6. Prepare train data and test data which contains embeddings as data for each face and label as person
   name.

   ```
   		# Prepare Train Data
		x_train=[]
		y_train=[]
		person_rep=dict()
		person_folders=os.listdir(path+'/Images_crop/')
		for i,person in enumerate(person_folders):
  			person_rep[i]=person
  			image_names=os.listdir('Images_crop/'+person+'/')
  				for image_name in image_names:
    				img=load_img(path+'/Images_crop/'+person+'/'+image_name,target_size=(224,224))
    				img=img_to_array(img)
    				img=np.expand_dims(img,axis=0)
    				img=preprocess_input(img)
    				img_encode=vgg_face(img)
    				x_train.append(np.squeeze(K.eval(img_encode)).tolist())
    				y_train.append(i)

   		# Prepare Test Data
		x_test=[]
		y_test=[]
		person_folders=os.listdir(path+'/Test_Images_crop/')
  		for image_name in test_image_names:
  			img=load_img(path+'/Test_Images_crop/'+person+'/'+image_name,target_size=(224,224))
    		img=img_to_array(img)
    		img=np.expand_dims(img,axis=0)
    		img=preprocess_input(img)
    		img_encode=vgg_face(img)
    		x_test.append(np.squeeze(K.eval(img_encode)).tolist())
    		y_test.append(i)

   ```

   Earlier we stored each cropped face image in corresponding person folder, walk through each folder and in each folder for each image, load image from keras in-built function load_img() which is PIL image with target_size=(224,224) since VGG_face_net expects image shape in (224,224) format. 

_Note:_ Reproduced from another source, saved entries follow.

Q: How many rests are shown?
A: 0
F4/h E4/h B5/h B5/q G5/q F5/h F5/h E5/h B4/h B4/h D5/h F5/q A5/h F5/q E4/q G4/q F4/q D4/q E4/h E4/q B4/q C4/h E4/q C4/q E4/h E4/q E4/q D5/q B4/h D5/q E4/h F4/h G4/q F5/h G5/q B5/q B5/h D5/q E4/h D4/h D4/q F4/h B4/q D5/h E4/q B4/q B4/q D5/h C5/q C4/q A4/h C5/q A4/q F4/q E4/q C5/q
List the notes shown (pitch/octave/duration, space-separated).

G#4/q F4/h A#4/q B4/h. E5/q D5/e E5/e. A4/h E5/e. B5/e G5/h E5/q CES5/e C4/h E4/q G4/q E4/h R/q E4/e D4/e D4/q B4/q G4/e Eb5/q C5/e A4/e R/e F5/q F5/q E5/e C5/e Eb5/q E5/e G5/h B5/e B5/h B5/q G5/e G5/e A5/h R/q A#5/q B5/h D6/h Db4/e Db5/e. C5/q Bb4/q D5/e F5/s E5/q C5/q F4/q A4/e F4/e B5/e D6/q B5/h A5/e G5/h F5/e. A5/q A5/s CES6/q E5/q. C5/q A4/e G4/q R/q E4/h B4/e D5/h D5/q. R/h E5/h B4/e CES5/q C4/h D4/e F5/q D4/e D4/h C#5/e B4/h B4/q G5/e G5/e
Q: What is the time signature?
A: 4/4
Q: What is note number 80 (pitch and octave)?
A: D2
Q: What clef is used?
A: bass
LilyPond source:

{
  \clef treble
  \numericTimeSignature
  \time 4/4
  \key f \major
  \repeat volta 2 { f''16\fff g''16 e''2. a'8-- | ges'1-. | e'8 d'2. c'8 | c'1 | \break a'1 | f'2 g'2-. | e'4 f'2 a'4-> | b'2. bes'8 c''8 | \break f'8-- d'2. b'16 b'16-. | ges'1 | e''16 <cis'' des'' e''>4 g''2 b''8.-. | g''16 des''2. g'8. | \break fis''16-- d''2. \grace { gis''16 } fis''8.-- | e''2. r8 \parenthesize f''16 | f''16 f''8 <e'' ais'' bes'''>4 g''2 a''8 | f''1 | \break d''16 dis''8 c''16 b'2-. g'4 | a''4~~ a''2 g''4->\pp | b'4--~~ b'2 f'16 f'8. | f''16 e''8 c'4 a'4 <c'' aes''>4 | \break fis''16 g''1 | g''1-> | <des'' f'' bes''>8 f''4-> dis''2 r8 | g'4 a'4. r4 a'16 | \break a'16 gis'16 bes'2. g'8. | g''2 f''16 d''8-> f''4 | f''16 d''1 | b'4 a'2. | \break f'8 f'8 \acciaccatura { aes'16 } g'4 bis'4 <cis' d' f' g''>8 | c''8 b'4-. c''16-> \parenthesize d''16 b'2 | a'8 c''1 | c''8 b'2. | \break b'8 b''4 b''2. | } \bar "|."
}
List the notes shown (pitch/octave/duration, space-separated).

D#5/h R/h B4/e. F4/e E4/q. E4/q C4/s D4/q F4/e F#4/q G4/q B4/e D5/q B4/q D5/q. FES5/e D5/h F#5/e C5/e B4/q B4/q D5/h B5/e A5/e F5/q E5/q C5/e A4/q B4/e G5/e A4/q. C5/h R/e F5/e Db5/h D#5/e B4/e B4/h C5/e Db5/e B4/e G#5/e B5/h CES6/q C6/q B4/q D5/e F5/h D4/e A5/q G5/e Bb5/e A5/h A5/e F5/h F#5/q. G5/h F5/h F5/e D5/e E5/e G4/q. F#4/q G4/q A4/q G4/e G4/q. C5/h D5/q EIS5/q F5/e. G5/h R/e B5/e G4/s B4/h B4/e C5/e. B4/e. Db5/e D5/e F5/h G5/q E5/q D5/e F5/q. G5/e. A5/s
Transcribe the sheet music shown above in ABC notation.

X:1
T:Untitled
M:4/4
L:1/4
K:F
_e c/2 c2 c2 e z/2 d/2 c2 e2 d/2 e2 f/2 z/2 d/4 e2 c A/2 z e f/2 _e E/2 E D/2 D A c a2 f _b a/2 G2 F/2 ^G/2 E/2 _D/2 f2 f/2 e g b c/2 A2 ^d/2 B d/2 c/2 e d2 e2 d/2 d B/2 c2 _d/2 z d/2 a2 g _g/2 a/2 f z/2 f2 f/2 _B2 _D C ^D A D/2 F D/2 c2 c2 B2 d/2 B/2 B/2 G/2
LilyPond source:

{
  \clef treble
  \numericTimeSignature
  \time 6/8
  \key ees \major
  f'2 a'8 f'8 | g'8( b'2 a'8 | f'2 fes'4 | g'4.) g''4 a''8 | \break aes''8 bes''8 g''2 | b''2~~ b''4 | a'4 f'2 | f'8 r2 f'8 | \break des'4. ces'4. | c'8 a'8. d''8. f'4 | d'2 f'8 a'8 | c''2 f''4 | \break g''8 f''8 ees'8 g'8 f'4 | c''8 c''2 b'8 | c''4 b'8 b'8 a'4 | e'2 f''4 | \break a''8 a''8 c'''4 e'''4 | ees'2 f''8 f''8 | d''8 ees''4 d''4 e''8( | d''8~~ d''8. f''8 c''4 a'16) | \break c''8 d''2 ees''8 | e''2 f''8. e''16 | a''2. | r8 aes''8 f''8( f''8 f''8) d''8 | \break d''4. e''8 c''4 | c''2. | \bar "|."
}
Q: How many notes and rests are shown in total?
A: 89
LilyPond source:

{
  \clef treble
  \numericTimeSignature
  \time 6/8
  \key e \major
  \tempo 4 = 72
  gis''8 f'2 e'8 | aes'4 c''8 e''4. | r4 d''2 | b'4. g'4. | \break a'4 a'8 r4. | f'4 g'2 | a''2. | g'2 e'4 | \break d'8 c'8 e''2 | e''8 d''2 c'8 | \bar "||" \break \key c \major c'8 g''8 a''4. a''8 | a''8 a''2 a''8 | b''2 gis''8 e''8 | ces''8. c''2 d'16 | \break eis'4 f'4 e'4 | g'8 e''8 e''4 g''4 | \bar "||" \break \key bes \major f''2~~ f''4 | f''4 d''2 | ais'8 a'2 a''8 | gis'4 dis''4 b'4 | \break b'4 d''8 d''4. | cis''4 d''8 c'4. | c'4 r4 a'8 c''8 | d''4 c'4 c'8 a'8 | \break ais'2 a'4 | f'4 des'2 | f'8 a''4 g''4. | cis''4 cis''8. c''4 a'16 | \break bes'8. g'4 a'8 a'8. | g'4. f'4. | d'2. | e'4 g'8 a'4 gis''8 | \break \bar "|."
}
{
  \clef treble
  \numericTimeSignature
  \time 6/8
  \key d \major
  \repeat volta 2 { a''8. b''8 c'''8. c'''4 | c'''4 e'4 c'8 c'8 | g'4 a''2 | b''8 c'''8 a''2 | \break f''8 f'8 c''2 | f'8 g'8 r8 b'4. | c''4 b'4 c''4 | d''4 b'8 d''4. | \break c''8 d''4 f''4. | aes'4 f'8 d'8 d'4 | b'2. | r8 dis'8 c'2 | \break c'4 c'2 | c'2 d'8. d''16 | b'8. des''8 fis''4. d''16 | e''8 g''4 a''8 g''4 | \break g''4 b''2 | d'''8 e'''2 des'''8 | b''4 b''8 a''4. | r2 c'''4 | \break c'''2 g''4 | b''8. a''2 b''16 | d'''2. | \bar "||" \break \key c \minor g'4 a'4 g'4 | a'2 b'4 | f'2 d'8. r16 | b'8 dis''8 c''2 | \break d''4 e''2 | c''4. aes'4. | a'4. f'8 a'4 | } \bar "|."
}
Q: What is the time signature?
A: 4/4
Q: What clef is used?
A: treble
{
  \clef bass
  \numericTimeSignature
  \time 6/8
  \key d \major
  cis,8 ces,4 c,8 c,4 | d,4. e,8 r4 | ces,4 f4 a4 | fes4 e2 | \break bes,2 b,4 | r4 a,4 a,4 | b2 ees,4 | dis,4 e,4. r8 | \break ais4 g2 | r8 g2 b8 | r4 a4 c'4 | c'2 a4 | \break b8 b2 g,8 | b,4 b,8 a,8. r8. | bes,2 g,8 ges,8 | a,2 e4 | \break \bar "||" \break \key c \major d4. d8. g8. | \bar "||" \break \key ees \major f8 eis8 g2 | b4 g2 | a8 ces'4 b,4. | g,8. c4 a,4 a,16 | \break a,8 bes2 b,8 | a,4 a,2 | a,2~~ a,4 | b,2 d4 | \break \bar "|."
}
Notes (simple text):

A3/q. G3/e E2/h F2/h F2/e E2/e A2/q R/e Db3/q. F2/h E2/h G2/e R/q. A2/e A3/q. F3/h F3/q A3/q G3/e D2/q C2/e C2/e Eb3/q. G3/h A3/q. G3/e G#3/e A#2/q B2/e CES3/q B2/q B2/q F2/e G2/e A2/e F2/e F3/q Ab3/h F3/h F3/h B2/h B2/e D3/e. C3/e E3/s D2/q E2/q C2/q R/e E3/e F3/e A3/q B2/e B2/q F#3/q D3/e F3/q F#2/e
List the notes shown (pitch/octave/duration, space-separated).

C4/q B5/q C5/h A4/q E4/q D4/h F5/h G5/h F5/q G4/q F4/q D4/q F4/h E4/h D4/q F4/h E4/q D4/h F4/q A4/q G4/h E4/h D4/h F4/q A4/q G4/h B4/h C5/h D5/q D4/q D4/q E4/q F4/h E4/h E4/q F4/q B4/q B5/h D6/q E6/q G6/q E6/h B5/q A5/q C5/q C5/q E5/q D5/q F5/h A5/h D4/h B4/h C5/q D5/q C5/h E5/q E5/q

   For each loaded image it is preprocessed into scale of [-1,1] and feed into vgg_face() model which outputs (1,2262) dimensional Tensor, it is converted into list and append to train and test data.

   Also,for each person we label that person in numeric number like 
   Ex:
   		{
   			0: 'modi',
 			1: 'trump',
 			2: 'angelamerkel',
 			3: 'jinping',
			....
 			....
 		}

   We got (x_train, y_train) and (x_test, y_test) as lists ,to use in keras models we first convert them to numpy arrays.

   Ex:
   		```
   			x_train=np.array(x_train)
			y_train=np.array(y_train)
			x_test=np.array(x_test)
			y_test=np.array(y_test)
   		```

7. We end up with train data and test data with face embeddings and labels as person encodings.
   Now we train simple softmax classifier and save model to get predictions for unseen image face in dataset.

   ```
   		# Softmax regressor to classify images based on encoding 
		classifier_model=Sequential()
		
		classifier_model.add(Dense(units=100,input_dim=x_train.shape[1],kernel_initializer='glorot_uniform'))
		
		classifier_model.add(BatchNormalization())
		
		classifier_model.add(Activation('tanh'))

		classifier_model.add(Dropout(0.3))

		classifier_model.add(Dense(units=10,kernel_initializer='glorot_uniform'))

		classifier_model.add(BatchNormalization())

		classifier_model.add(Activation('tanh'))

		classifier_model.add(Dropout(0.2))

		classifier_model.add(Dense(units=6,kernel_initializer='he_uniform'))

		classifier_model.add(Activation('softmax'))

		classifier_model.compile(
		loss=tf.keras.losses.SparseCategoricalCrossentropy(),optimizer='nadam',metrics=['accuracy'])
   ```

   We trained softmax classifier to classify image, it takes face embeddings as input and outputs corresponding image number which is encode for person name.

8. Now we can recognize any face in image if we get embeddings for face with help of vgg_face model and 
   feed into to classifier then get person name. With opencv draw rectangle box around face and write person name for each face in image.